Wagen wir einen kleinen Vergleich und begeben uns auf das ureigenste Terrain der hierzulande Herrschenden, auf dem sie die "großartige Überlegenheit" der Demokratie ausmachen und immer wieder propagieren. Wie sieht es denn eigentlich aus mit den so hochgepriesenen und "im Zentrum aller Dinge" stehenden regelmäßigen Wahlen?
Formale Gemeinsamkeiten
- In Cuba besteht ebensowenig wie in der Bundesrepublik Deutschland eine Wahlpflicht.
- Alle Wahlen sind laut Verfassung in Cuba wie in der BRD frei, direkt und geheim.
- In Cuba können seit langen in die Kommunal- und Provinzparlamente Menschen ab dem Alter von 16 Jahren, für das Nationalparlament ab 18 gewählt werden.
- Ab 16 haben alle das Recht, zu wählen. Letzteres wurde in der BRD erstmals 1999 praktiziert.
- In Cuba gibt es bei den Kommunalwahlen in den Wahlkreisen, in denen einzelne Kandidatinnen und Kandidaten nicht über 50% der abgegebenen Stimmen erhalten, am darauffolgenden Wochenende, einen zweiten Wahlgang. Dieses Verfahren wurde in NRW erstmals zu den OB-Wahlen im September '99 eingeführt.
Damit hören selbst die formalen Ähnlichkeiten auch schon auf.
Formale Unterschiede
- In Cuba stellt die Kommunistische Partei keine eigenen Kandidaten auf und wählt auch (als Partei) niemanden. Dies ist in der BRD etwas anders …
- Die Amtszeit der Kommunal- und Provinzparlamente dauert in Cuba 2 Jahre, in der BRD 5 Jahre.
- Die Amtszeit der Nationalversammlung dauert in Cuba fünf, in der BRDE vier Jahre.
- In Cuba ist Wahlpropaganda (und damit auch die Abhängigkeit von finanziellen Ressourcen) gesetzlich verboten. In der BRD gilt in der Praxis das Gegenteil.
- In der BRD nehmen alle Medien (bspw. Durch Veröffentlichung von "Trends", "Prognosen" etc.) unmittelbar auf die Wahlentscheidung Einfluss. Dies findet in Cuba nicht statt.
- In der BRD haben Faschisten die Möglichkeit, in Parlamente gewählt zu werden.
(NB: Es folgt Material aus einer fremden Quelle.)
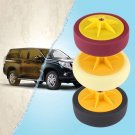 6"/15cm Sponge Wheel Polishing Waxing Pad for Car Polisher Black Yellow Wine Red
Dies ist in Cuba nicht möglich.
Aktive Beteiligung der Bevölkerung in den Massenorganisationen als 1. Maßstab für die Qualität einer Demokratie
BRD
Im Gegensatz zur gesellschaftlichen Realität in Cuba beklagen hierzulande alle Parteien sowie die Gewerkschaften (als für die hiesigen Maßstäbe einzig relevante Massenorganisationen) seit Jahren rapide Mitgliederverluste. In der Praxis sind z.B., trotz ihres Anspruchs auf den Begriff "Volksparteien", die örtlichen Mitgliederversammlungen von SPD und CDU – wo sie denn noch stattfinden – zu Folkloreveranstaltungen verkommen, in denen gelegentlich die jeweiligen Kandidat/innen für obere Parteiorgane und Parlamente abzunicken sind. Den Gewerkschaftsversammlungen an der Basis ist – im Unterschied noch zur Praxis der 70er Jahre – ein ähnlich desaströses Schicksal beschieden.
Cuba
In Cuba nimmt demgegenüber der Großteil der Bevölkerung regelmäßig bspw. An den i.d.R. Alle vier bis sechs Wochen stattfindenden Versammlungen der CDR (Komitees zur Verteidigung der Revolution; organisiert nach Straßenzügen) teil. Hinzu kommen Gewerkschaftsgruppensitzungen auf allen Ebenen, die Treffen der UJC (Kommunistischer Jugendverband), FMC (Frauenliga), den Gliederungen der PCC und anderen Massenorganisationen. In all diesen Versammlungen wird über die Bewältigung ebenso heftig diskutiert wie über die Zukunft des gesamten Landes.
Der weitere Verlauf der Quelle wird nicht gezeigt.